Respiratory syncytial virus (RSV) is a common respiratory virus that infects the respiratory tract and causes cold-like symptoms. As a matter of fact, it is so common that many children will catch it before their second birthday.
Who is at risk of RSV infection?
RSV enters the body through the eyes, nose or mouth. It can spread easily through the air when someone with RSV coughs or sneezes nearby, or by touching infected people or contaminated surfaces. Now, you may be wondering if such a contagious virus poses a risk to your baby. For most of us, RSV causes nothing more than a cold that lasts less than a week, but it can be dangerous for some infants and young babies. Those at greatest risk of severe RSV infection include:
- Premature infants
- Infants who are 6 months and younger
- Babies with weakened immune systems
- Babies with congenital heart or chronic lung diseases
How do I know if my baby has RSV?
Symptoms of RSV infection generally begin to appear 4 – 6 days after exposure to the virus and vary depending on the disease severity and age group.

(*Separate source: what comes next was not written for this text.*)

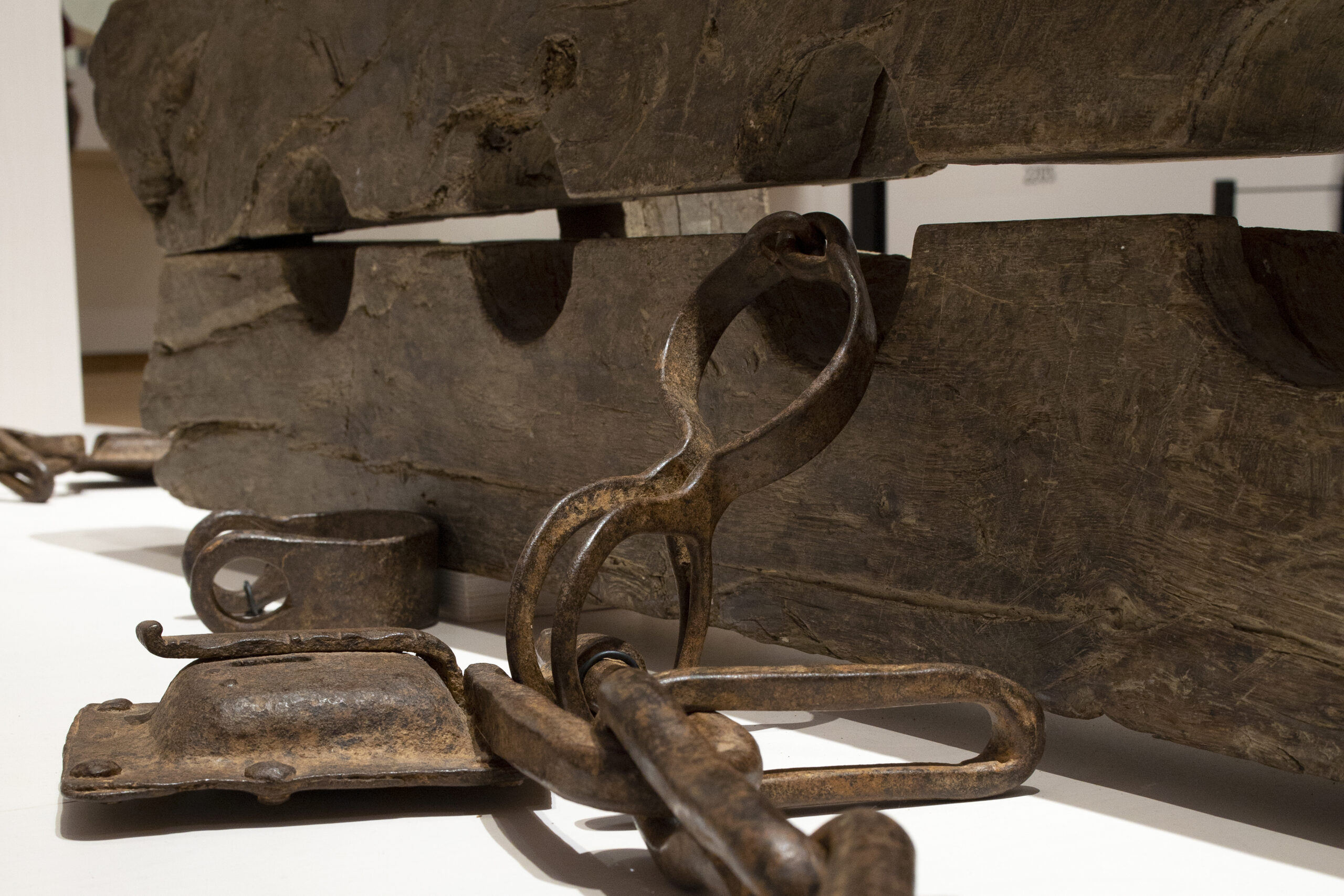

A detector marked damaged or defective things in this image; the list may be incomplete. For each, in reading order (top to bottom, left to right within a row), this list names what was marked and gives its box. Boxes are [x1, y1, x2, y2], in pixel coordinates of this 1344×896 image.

rusty iron shackle [505, 208, 881, 714]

It is important to note that while the initial symptoms may appear mild at the onset, the disease can become severe 3 – 5 days into the course of the illness. Early symptoms of RSV include:
- Runny nose
- Low-grade fever
- Sore throat
- Decrease in appetite
In severe cases, the virus can spread to the lower respiratory tract, causing RSV bronchiolitis (inflammation of the small airways in the lungs) or RSV pneumonia (infection of the lungs). Signs and symptoms may include:
- Severe cough
- Cyanosis (bluish colour of the skin and lips)

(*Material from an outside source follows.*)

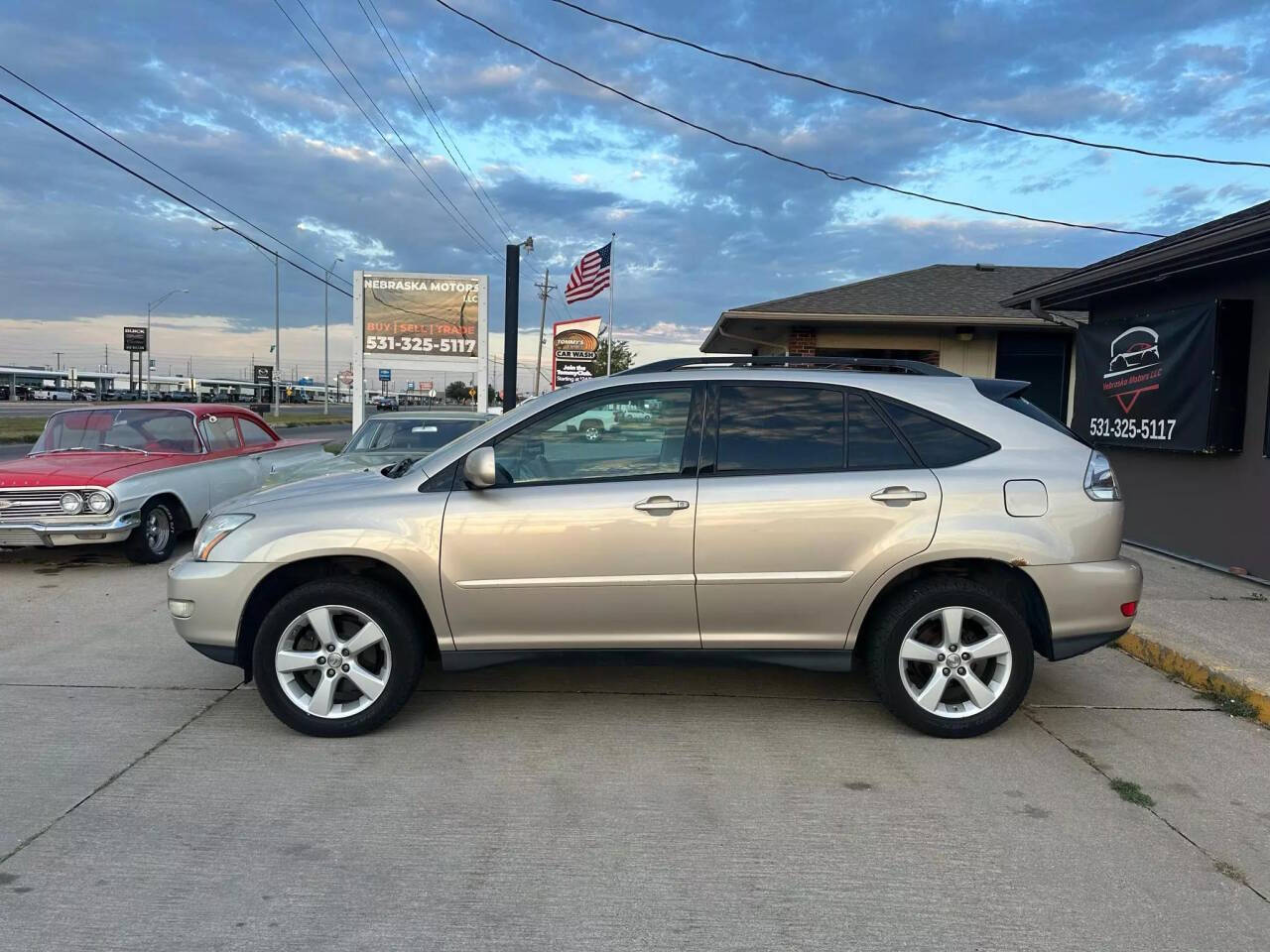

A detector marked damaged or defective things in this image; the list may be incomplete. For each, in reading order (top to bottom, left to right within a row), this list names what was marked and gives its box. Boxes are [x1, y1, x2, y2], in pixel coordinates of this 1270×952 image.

- Severe decrease in appetite, with decreased urine output/dry diapers
Infants are most severely affected if infected by RSV. In young infants less than 6 months old, some severe cases may also develop apnoeic episodes – periods during which the baby abnormally stops breathing.
When should I take my baby to the A&E?
RSV infections typically go away in a week or two, but during this time if you notice your baby having a blue tint to their lips or fingernails, refusing milk feeds persistently, appearing lethargic, or breathing rapidly, please seek urgent medical attention and go to the A&E immediately.
How is RSV diagnosed?
To diagnose RSV, your baby’s paediatrician will first take a medical history and perform a medical examination, including listening to your baby’s lungs. If necessary, and depending on your baby’s condition, the paediatrician may perform some additional tests, such as:
- Blood tests
- Chest X-ray
- A nose or throat swab
What is the treatment for RSV?
There is no specific medication that treats the virus itself. Management of RSV generally involves supportive and symptomatic care of the baby at home in mild cases:
- Use a bulb syringe to gently clear thick secretions from your baby’s nose.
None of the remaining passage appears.